James wants to cover a floor measuring 90 cm by 120 cm with square tiles of the same size. Given that he uses only whole tiles, find a) the largest..
possible length of the side of each tile, b) the number of tiles that are needed to cover the floor.
The length and breadth of the floor = 90m nad 120 meter.
To find the the largest possible measurements of the whole nnumber of tiles he can cover the whole floor.
Since the largest measurement of the tiles is a number that is the greatest factor of both 120 and 90.
Therefore the greatest possible divisor of both 90 120 is the GCD (greatest comon divisor 0 of both 90 and 120.
GCD (120, 90) :
120 = 90*1+30.
30 = 30*3+0.
So GCD (12, 90) = 30.
Therefore the greatest possible measurement of the square tiles is 30m by 30 m .
The number of tiles required to cover the floor = floor area / single tile area = 120*90/30^2 = 12 tiles .
The area of the floor that has to be covered is:
A = 90*120 cm^2
We'll put the length of the tile as x.
The number of tiles that covers the length of the floor:
n = 120/x
The number of tiles that covers the width of the floor:
m = 90/x
To find the largest length of the tile, you'll have to determine the highest common factor (or Greatest Common Divisor) of 90 and 120:
90 = 2*3^2*5
120 = 2^3*3*5
GCD = 2*3*5 = 30 cm
The largest length of the tiles is of 30cm.

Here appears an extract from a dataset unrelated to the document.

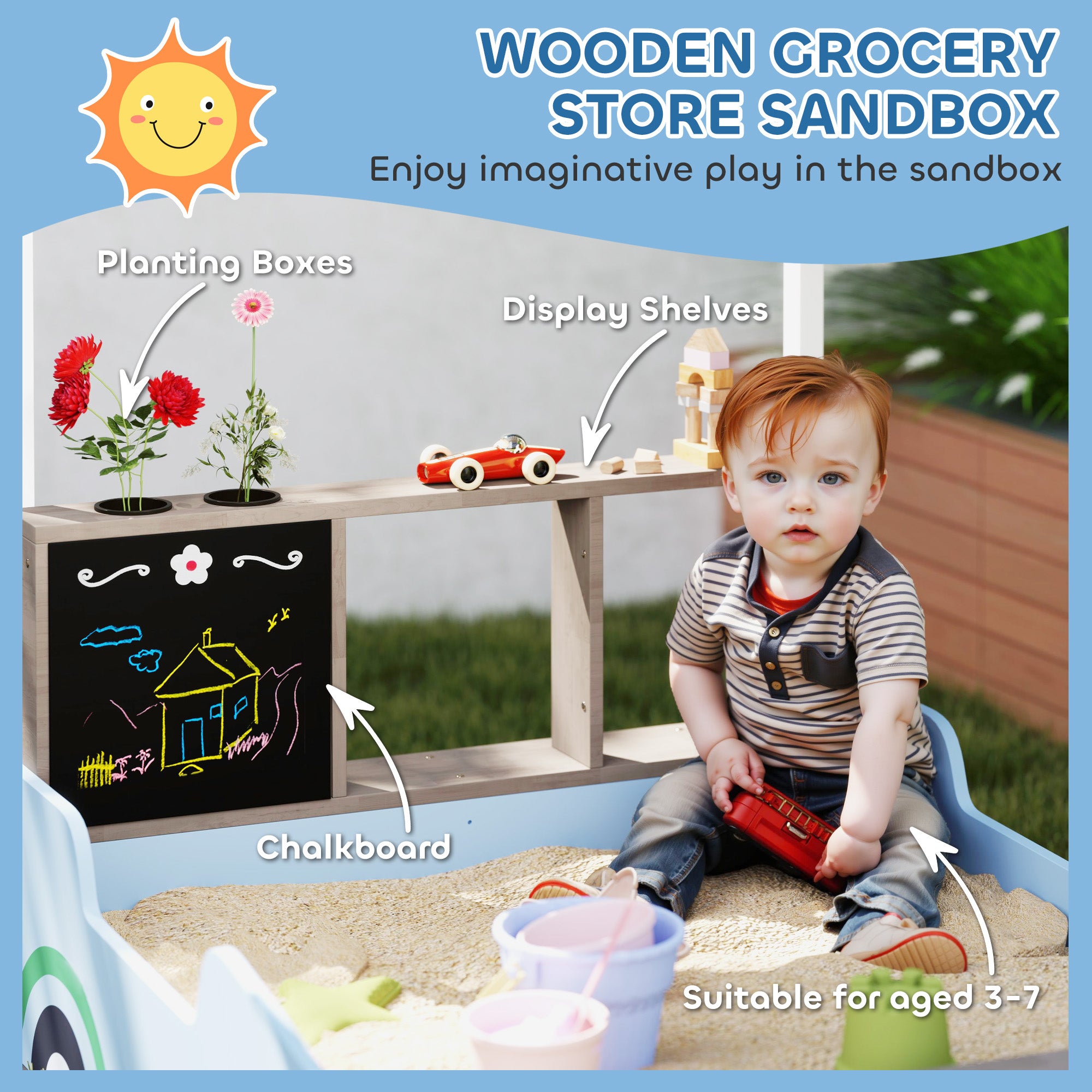 Kids Wooden Sandbox with Canopy with Bench Seats, Bottom Liner, Drawing Board, Planting Boxes for Backyard, Garden, Blue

To find the number of tiles that are needed to cover the floor, we'll calculate the number of tiles needed to cover the length of the floor and the number of tiles needed to cover the width of the floor.
The number of tiles, whose lengths is 30, that covers the length of the floor is:
n = 120/30
n = 4 tiles
The number of tiles, whose lengths is 30, that covers the width of the floor is:
m = 90/30
m = 3 tiles
The total number of tiles needed to cover the floor:
m*n = 4*3 = 12 tiles